Arriving in Sao Paulo was quite a shock to the system having been surrounded by lush forests and mountains and picturesque coastlines for the last few hours we were now surrounded by a concrete jungle of urban sprawl with skyscrapers and high rise blocks in every direction. Getting off the comfy coach and heading to the metro in an attempt to locate our hostel proved to also be quite stressful with my 23kg rucksack and heavy day bag to carry around everywhere and just working out where to go and then once figuring this out getting on a packed tube on a Saturday in one of the world’s largest cities whilst being conscious of firstly not knocking anyone out just by turning round and well as keeping your eye out for any suspicious looking characters who might be trying to rummage through your bag while you weren’t looking. Anyway so after some stressful tube journeys and a couple of changes we arrived at the desired metro station but then had no idea of the location of the hotel so we walked around looking for someone trustworthy enough not to rob us who might be friendly enough to help. Eventually we got someone wave vaguely to the road we needed and we finally stumbled upon our hotel.

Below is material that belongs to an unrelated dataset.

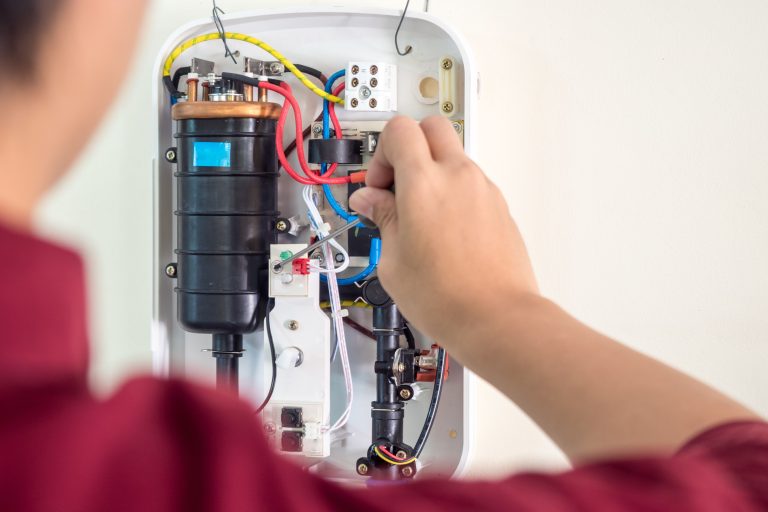 Technician performing water heater repair service, fixing the tank and checking connections to ensure proper functioning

What relief to find that it was a very nice and comfortable hotel with a lovely lady behind reception who spoke excellent English. The room was like an apartment and seemed like a luxury one at that when compared to the previous place we had stayed. We had 2 rooms and 4 beds, our own lounge area with sofas , TV and dining table, a nice sized bathroom and it even had a large balcony for sunbathing (when the sun actually came out). It was almost like a bachelor pad and after some discussion we agreed due to the infamous reputation of the city at night that we would stay in order pizza (which the nice receptionist did for us) get some beers in, watch some TV (there was even FA Cup footy on the TV) and get an early night. This was an enjoyable evening and although I was a little sad at staying in on a Saturday night in a big city, I was glad of just chilling out, catching up with friends and email, facebook etc on the free wifi and getting a nice early night in the end with the prospect of an enjoyable walking city tour as recommended in the lonely planet for the next day.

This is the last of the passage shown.